Bills to support Boca Raton student organizations go missing in the house

Gregory Cox, Managing Editor

According to a Boca Raton House of Representatives meeting held June 19, a number of approved bills are missing or have not been processed from the previous semester.

The bills, which passed through the house, were intended to improve some aspects of student life, but physical copies with signatures cannot be found, leaving the legislation up in the air.

A bill is a piece of legislation responsible for the allocation of funds, creating or abolishing programs and affects the internal aspects of student government or the university.

In order for organizations to receive funding from student government to host events or cover expenses, organizations can approach the house of representatives and present a bill justifying their needs. That bill is then voted on by the house of representatives.

One bill under question, passed on Jan. 23 of this year, would have given close to $9,000 to Night Owls, the on campus student taxi service.

The funds would have gone toward the purchase a new golf cart in order to replace two older ones that had been damaged.

The UP reached out to Robert Marriaga, the current speaker of the house, asking what other bills were missing, but did not receive a response as of publication time.

Since these bills never reached the proper authority, the organizations who presented the bills will need to resubmit their requests next fiscal year.
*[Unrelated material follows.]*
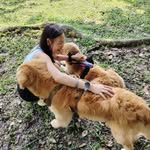 Lee Carmen - @carmen1102_ - Instagram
This means that they would have be financed out of budgets that are tighter because of mandatory 15 percent cuts that take effect July 1.

Marriaga is conducting an investigation to find out what happened. “I will be giving this house a complete report once we are finished [with our investigation],” he said.

Evan Harrow, a member of the house and chairman of the Rules and Policies Committee and the longest lasting member of the house, said a possibility for the slip up was that all the bills may have been signed, but were never handed to the Activity and Service Accounting and Budget Office. Or, he added, “Some of them were vetoed when the money was frozen, and we were just not told.”

A bill passes with over a 50 percent vote. It is then presented to the governor, who can veto or pass the bill, and then to the Vice President of Student Affairs. It is unclear in the process where the bills got lost.

Marriaga told the UP that there is currently no one to blame for the mishap, as there are a lot of moving pieces in order to get a bill approved.

Chris Ferreira, the current governor and Marriaga are currently looking into ways to still have the funding for these bills appropriated before the budgets turn over on July 1.